Comprendre l’histoire du Vietnam avant de partir transforme profondément le voyage. Derrière les rizières du Nord, les pagodes de Hanoi, les tombeaux impériaux de Hué, les maisons anciennes de Hoi An ou les avenues coloniales de Ho Chi Minh-Ville, chaque lieu raconte une partie de l’identité vietnamienne. Le pays a connu des royaumes anciens, une longue influence chinoise, des dynasties puissantes, la colonisation française, les guerres d’indépendance, la division du pays, puis la réunification et l’ouverture économique. Pour un voyageur francophone, il n’est pas nécessaire de tout retenir. Quelques grands repères suffisent pour mieux lire les monuments, comprendre la fierté nationale, respecter les lieux de mémoire et apprécier la richesse culturelle d’un pays à la fois ancien, résilient et tourné vers l’avenir.
Sommaire
Pourquoi connaître l’histoire du Vietnam avant un voyage ?
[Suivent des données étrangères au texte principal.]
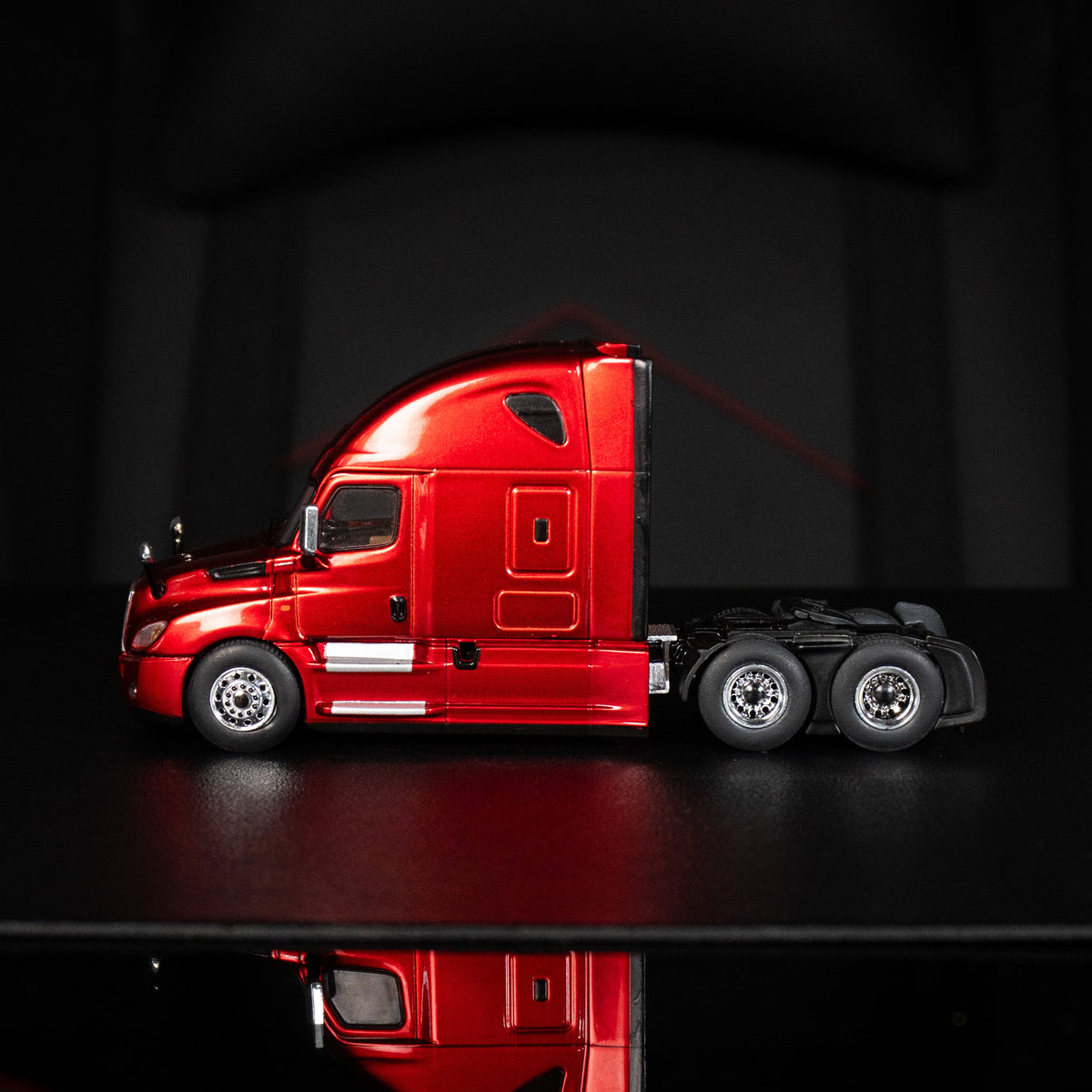 Freightliner Cascadia 2018 – M Red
Le Vietnam n’est pas seulement une destination de paysages. C’est un pays où l’histoire reste visible dans les rues, les temples, les musées, les marchés, les noms de lieux et même dans les gestes du quotidien.
À Hanoi, l’histoire se lit dans le vieux quartier des 36 corporations, les temples confucéens, les villas coloniales et les lacs chargés de légendes. À Hué, elle se ressent dans la Cité impériale, les tombeaux des empereurs Nguyen et la rivière des Parfums. À Hoi An, elle apparaît dans les maisons marchandes, les influences chinoises, japonaises et européennes. À Ho Chi Minh-Ville, elle se devine dans les bâtiments coloniaux, les musées et l’énergie d’une ville moderne qui porte encore la mémoire de Saigon.
Connaître ces grandes étapes aide à voyager avec plus de profondeur, mais aussi avec plus de délicatesse. Certains sites sont des lieux de mémoire, pas seulement des attractions.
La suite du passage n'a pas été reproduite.